平成13年度の研究成果のまとめと今後の展望
(4)研究構成
IV. 「人と暮す」
- 日常生活環境で活動するロボットの実現
- 「ヒトはロボットを何と思っているのか」(公募研究:石黒班)
人間が人型ロボットの動作を見たときの脳内活動を光トポグラフィ装置によって計測し,人型ロボットが,人間を写したビデオ映像よりもリアリティを持った「相手」として認知されているという知見を得た.この結果は,人と共生する機械が人と同じようにして動作を行うことによって,人のパートナーとして認知され親しみが持たれることを生理学的に示したことになる.
- 「体があることにどんな意味があるのか?」:身体の持つ情報学的意味の解明(公募研究:國吉班)
ヒトであれロボットであれ,それが持つ身体の物理的特性によって,それ固有の感覚運動情報の時空間構造が生み出されることが身体性の情報学的意味であるという仮説を検証するため,転がりながら起き上がる運動といった人の複雑な身体動作の動的構造の分析,ニューラルネットワークを用いた複雑な身体動作の学習シミュレータの作成などを行った.

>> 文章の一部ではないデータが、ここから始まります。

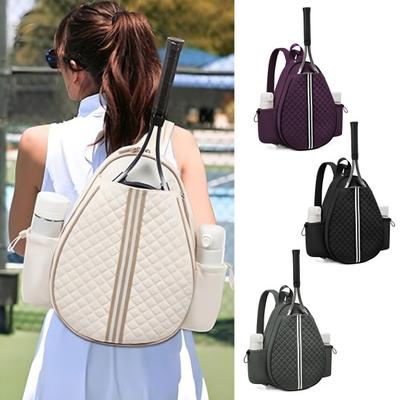 Tennis Racket Sling Bag for Women Men Water Resistant Quilted Racquet Bag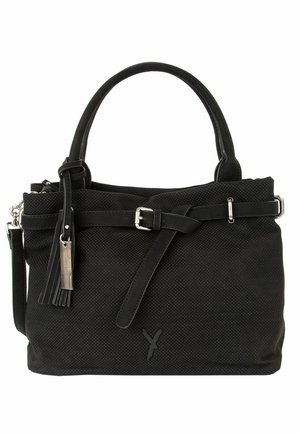 Black textured handbag with two handles, front belt detail with silver buckle, tassel zipper pull, and subtle logo near bottom center.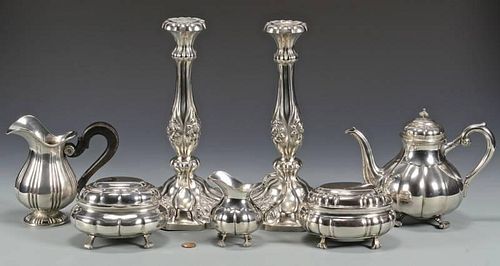 2 LARGE SILVER CANDLESTICKS PLUS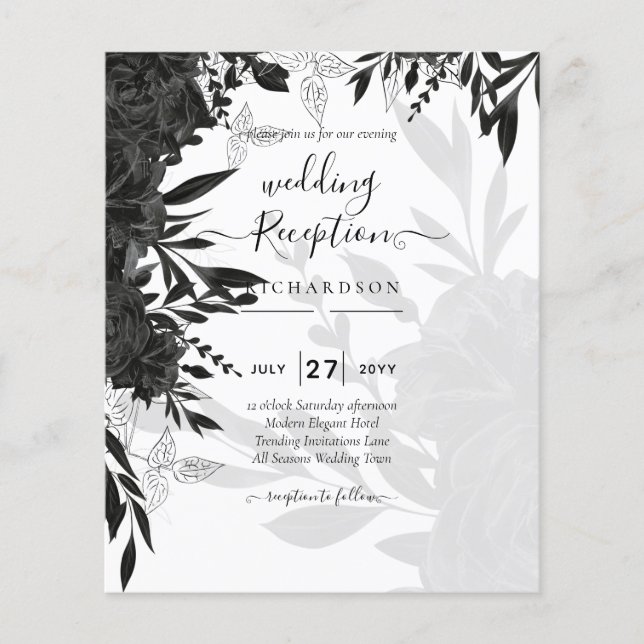BUDGET Black Ro Elegant White Wedding bjudande in Flygblad (Framsidan)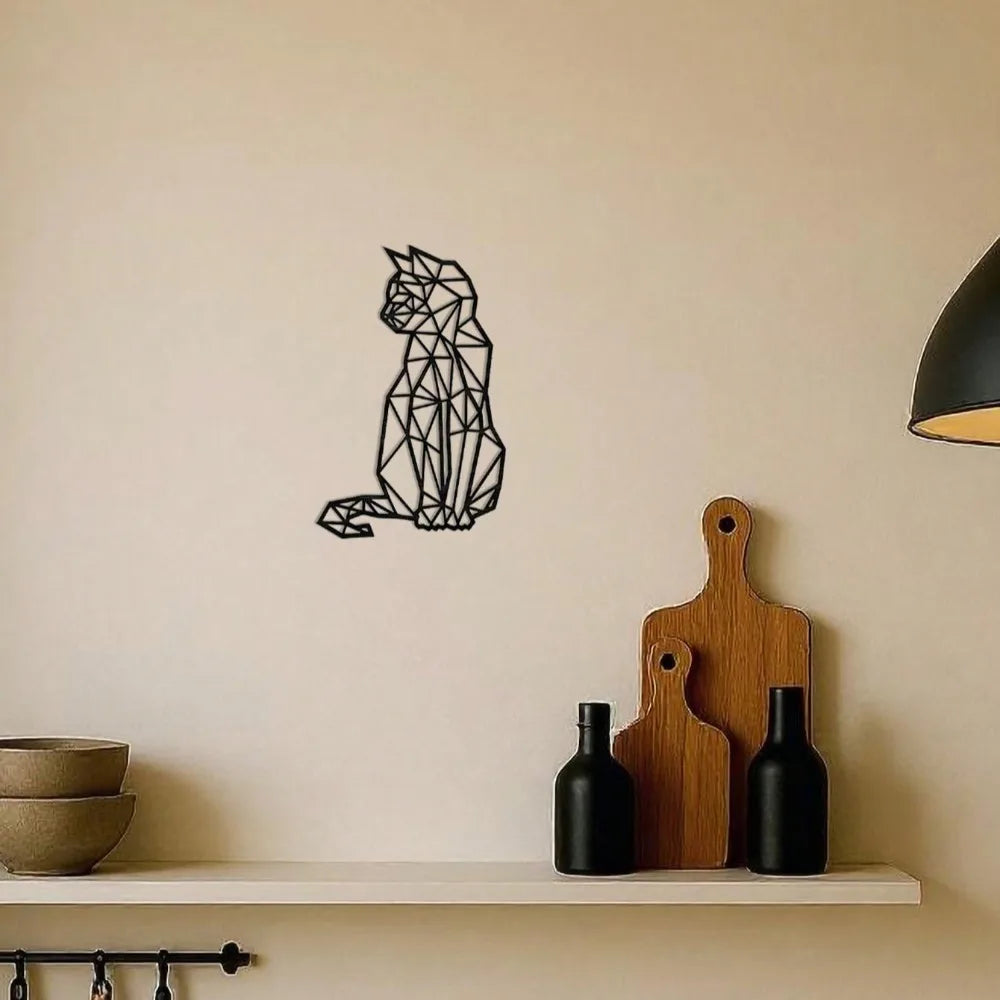 Boho Chic Wrought Iron Cat Wall Art – Modern Geometric Metal Cat Decor, Handcrafted 3D Wall Hanging Sculpture for Home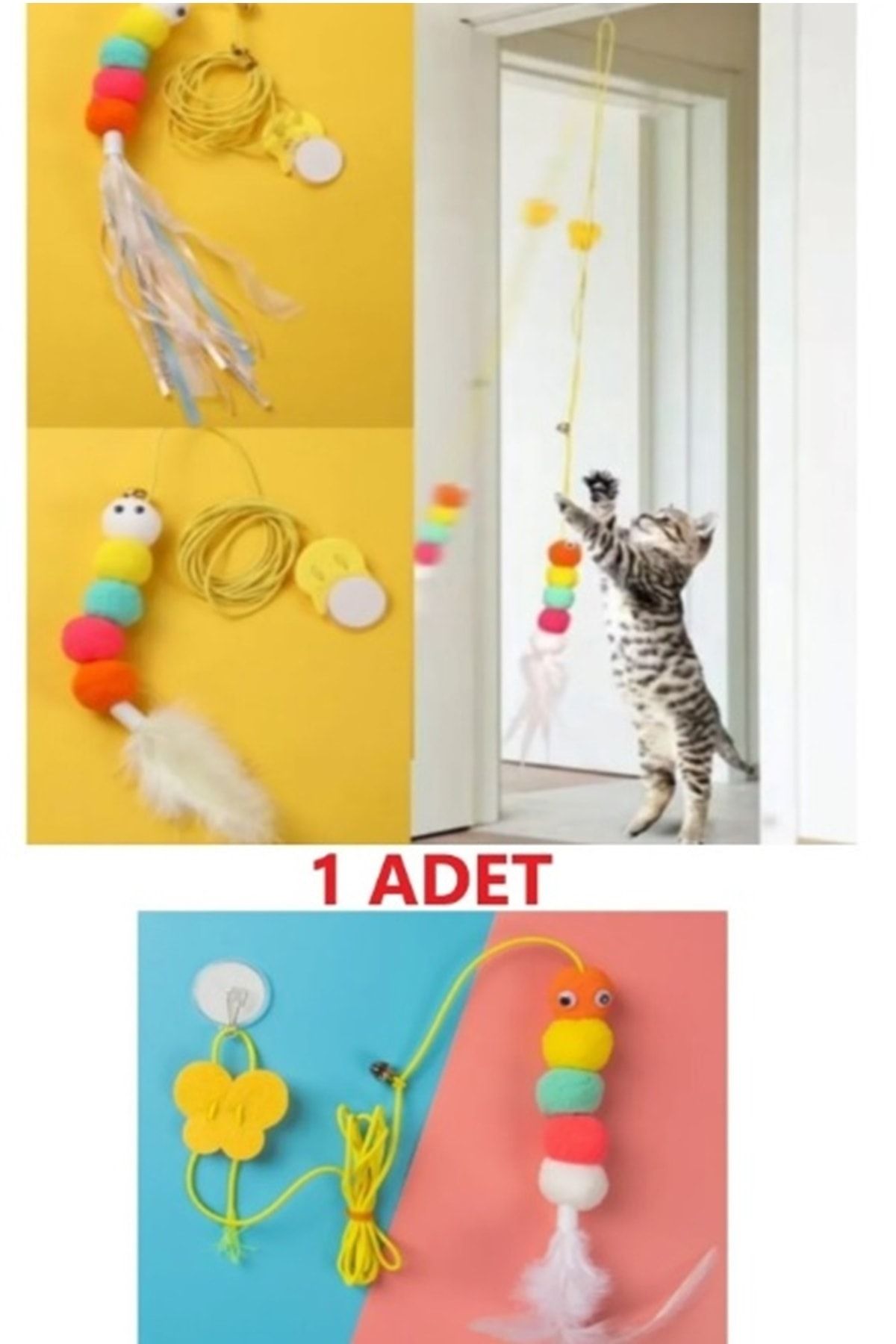 İndirimKap Elastik Kendinden Yapışkanlı Renkli Kedi Oyun Oltası Kedi Oyuncağı Yapışkanlı Olta Eğitim Oyuncağı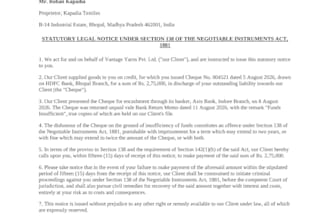 draft a legal notice for cheque bounce, dues, or breach of contract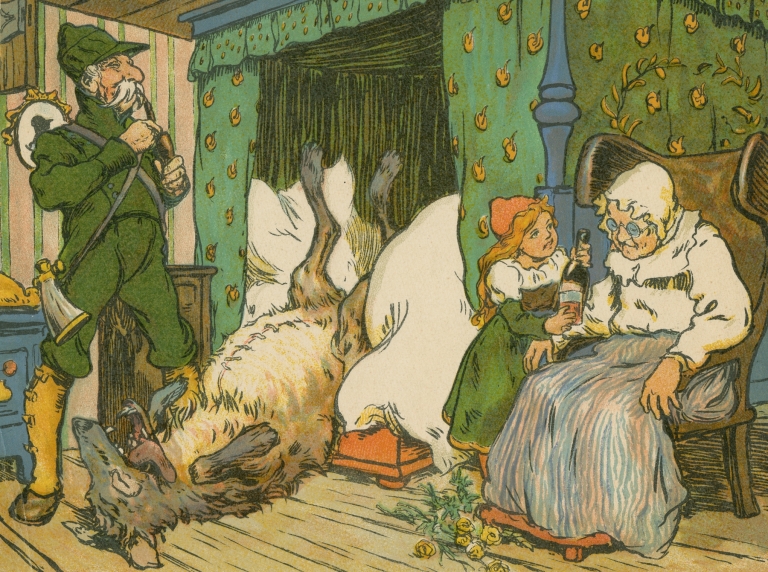 Little Red Riding Hood saved by the huntsman by Arpád Schmidhammer
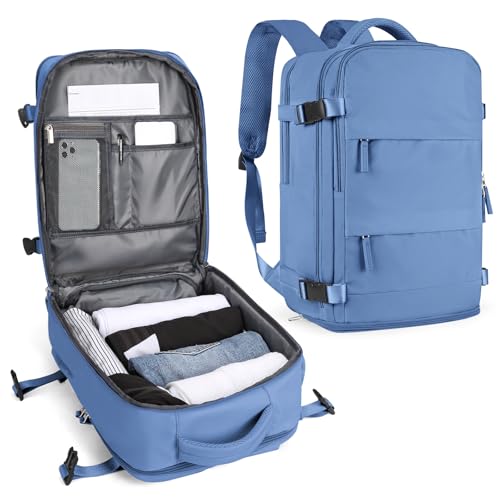 SZLX Mochila de viagem para mulher, mochila a vácuo, bagagem de mão 40 x 30 x 20 Ryanair Easyjet, mochila de transporte impermeável para desporto ao ar livre, malas de viagem para computador portátil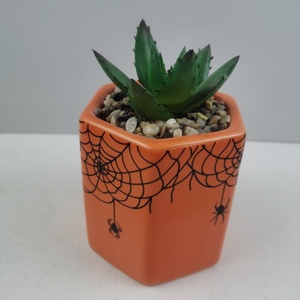 Telaraña <span class=keywords><strong>de</strong></span> Halloween, gran revestimiento <span class=keywords><strong>de</strong></span> cerámica, maceta hexagonal espeluznante, maceta para el hogar, guardería, estilo <span class=keywords><strong>de</strong></span> diseño minimalista suculento <span class=keywords><strong>de</strong></span> imitación - Product Image 3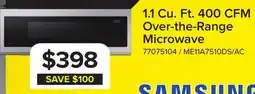 Leon's Samsung Stainless 400 CFM Slim Over-The-Range Microwave (1.1 Cu.Ft.) - ME11A7510DS/AC offer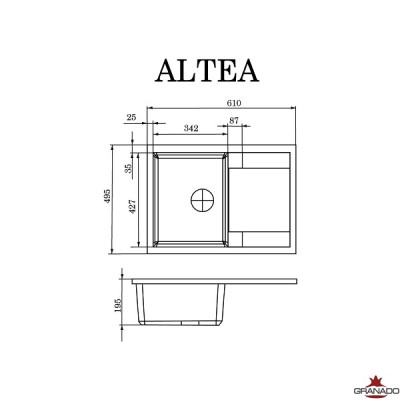 Кухонна мийка Granado ALTEA Gris Кухонна мийка Granado ALTEA Gris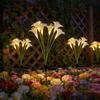 Solar Lily Flower Garden Stake Lights, Warm White IP65 Waterproof  Pathway Lights for Wedding Party Outdoor Patio Yard Decor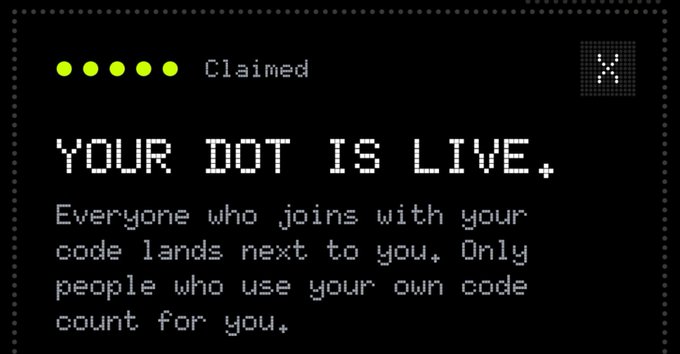 A pixel-art style graphic on a black background with five yellow dots labeled "Claimed" and the message "YOUR DOT IS LIVE. Everyone who joins with your code lands next to you. Only people who use your own code count for you," with an "X" close button in the corner.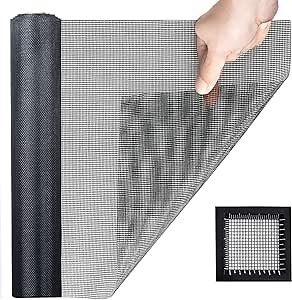 Thinkahead Window Screen Replacement, Fiberglass Screen Material Mesh Roll 36 inch X 100 feet, Durable Easy to Install for Porch, Door, Patio, House Windows, Pools, DIY Projects, Charcoal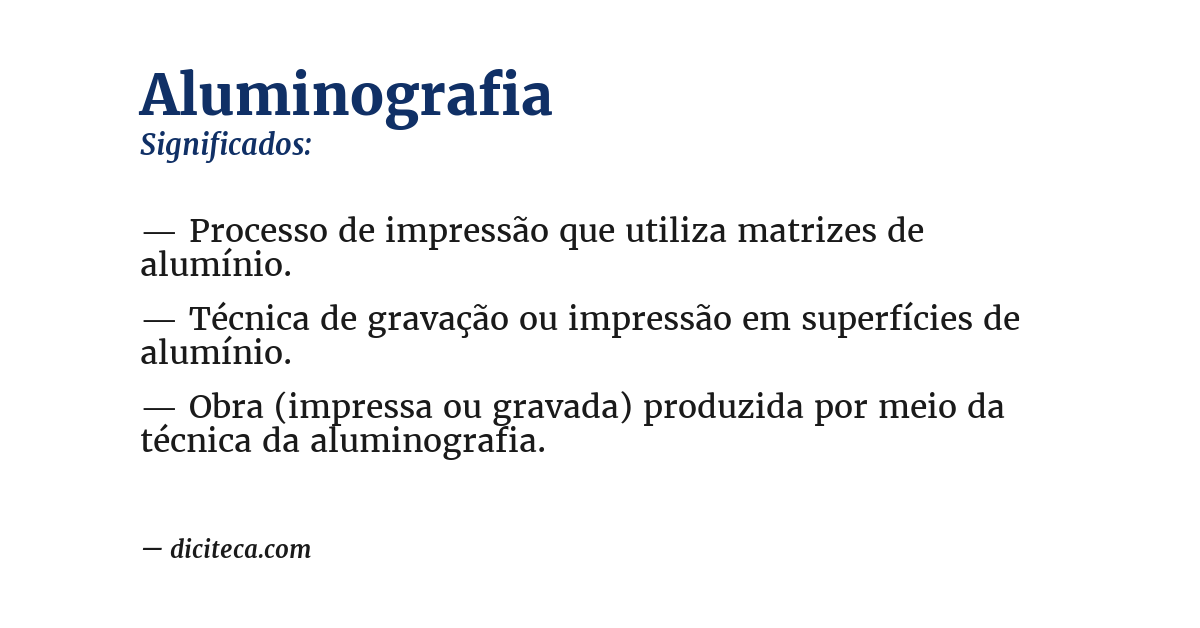 Significado de aluminografia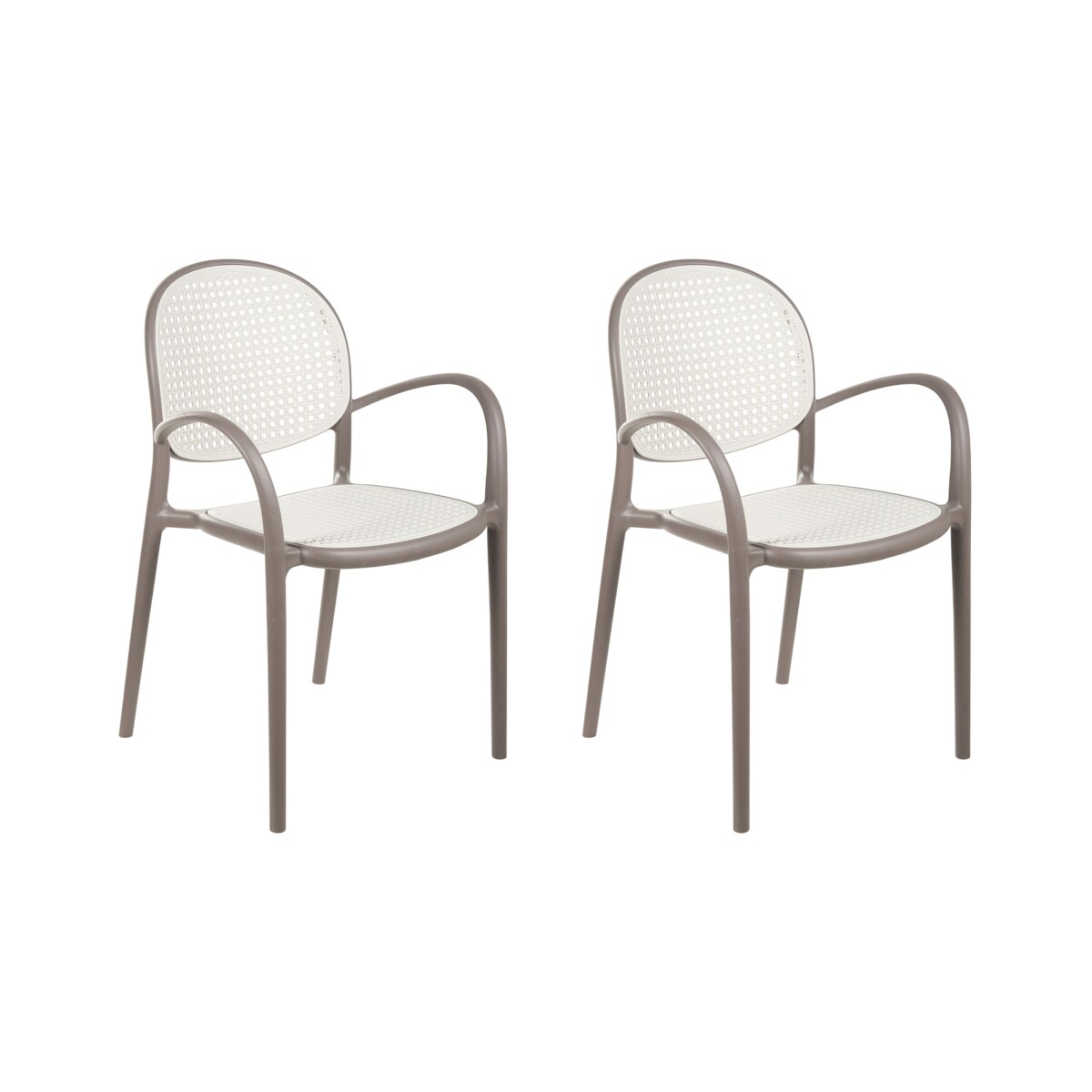 Zestaw 2 krzeseł ogrodowych POVOLETTO Materiał syntetyczny Jasnobrązowy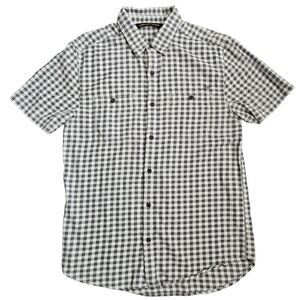Harley Davidson Men's Gray Brown Chain Stitched Plaid Shirt Size Medium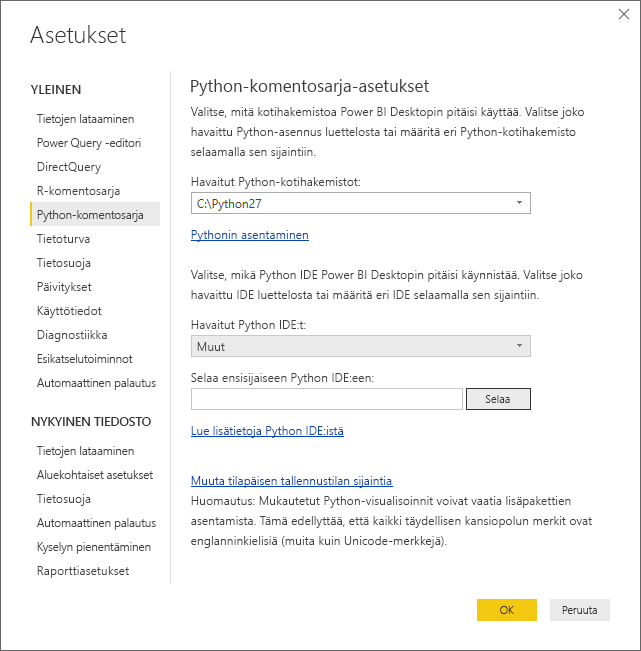 Screenshot of the Options dialog, showing Other entered in the Detected Python IDE field.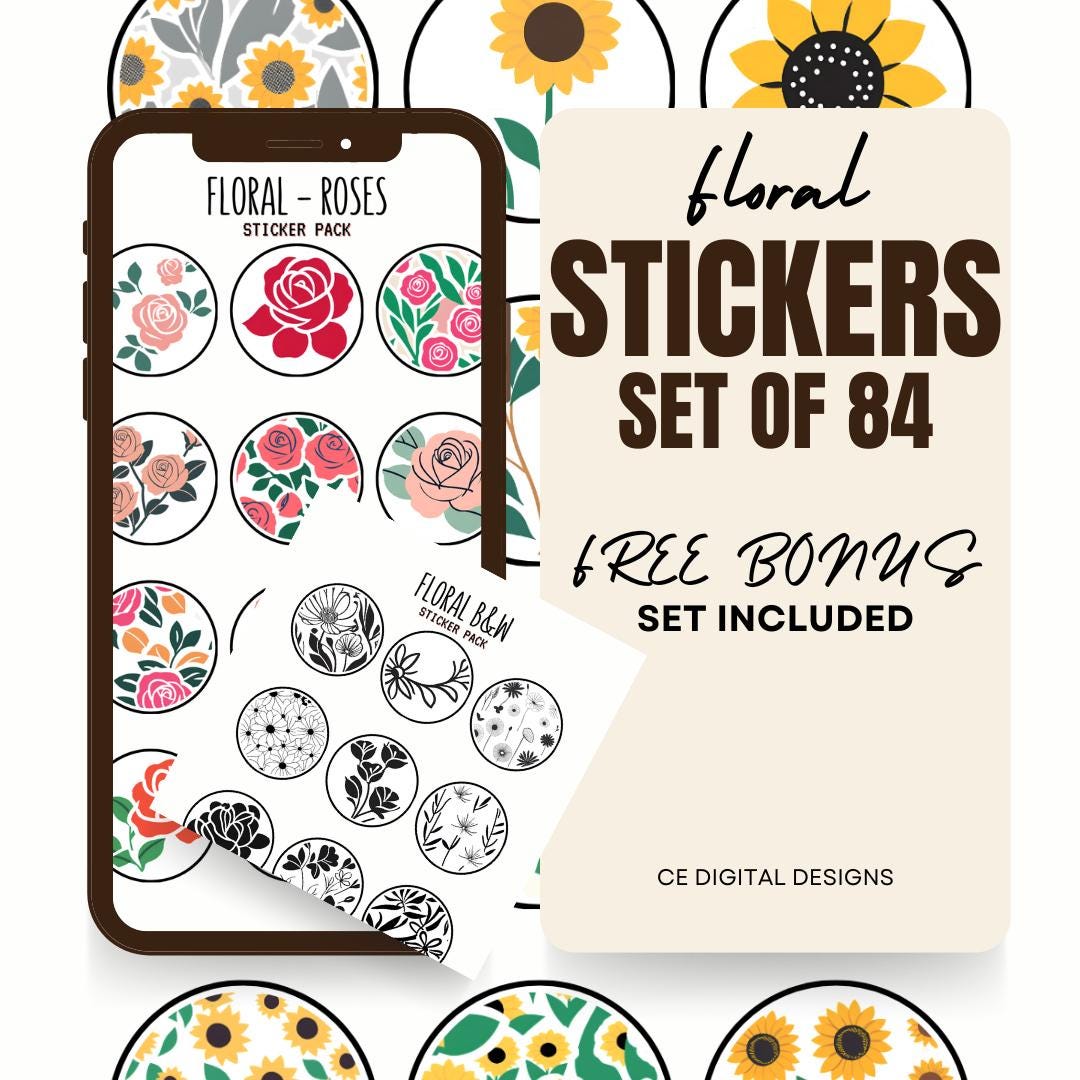 Floral Digital Sticker Pack | Planner & Journal Stickers | Instagram ...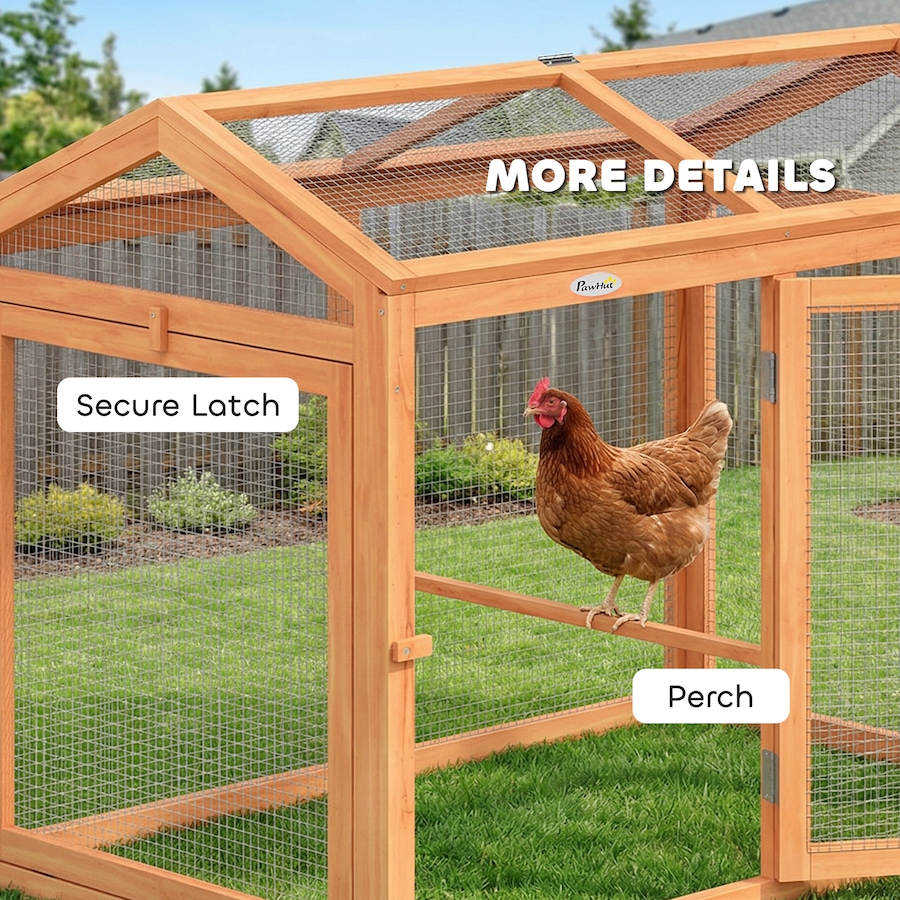 Image 917569_ALTMORE8.jpg, Product 917-569 / Price $106.99, PawHut Wooden Chicken Run, Outdoor Chicken Coop with Perch and Dual Doors from PawHut on TSC.ca's Home & Garden department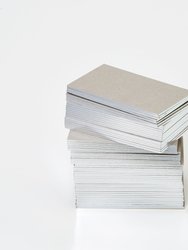 Kraft Chip Business Cards - Silver Edged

- 「ロボットが家にやってきた」(公募研究:稲場班)
手足や顔による表情の表出機能を持った小型の人型ロボットを開発し,家庭やオフィスなどの日常生活環境において,人とロボットがどのような交わりをするのかを検証する.特に,ノートPCやPDAなどを使ったパーソナルIT環境においてロボットがどのような役割を果たすのかに焦点を当てて研究を行う.
- 「人から学ぶロボット」(公募研究:池内班)
マルチモーダルな知覚を用いて人が行う手作業の様子を観察し,その方法や手順を獲得・学習する人型ロボットを開発した.これによって,言語化が困難だとされてきた,熟練を要する技の電子的記録・保存が可能となり,技の伝承にも役立つものと思われる.
- 「人を支えるロボット」(公募研究:久野班)
足の不自由な人の日常生活を支えるためのロボットとして知的車椅子を開発した.このシステムは,周囲の歩行者の顔の向きにより,その人が車椅子に気づいているか否かを自律的に判断し,その結果によって適切な歩行者回避行動を起す機能や,介護者がいる場合には,介護者が意図的な操作をしなくても,介護者に合わせて自動的に移動する機能などを持っている.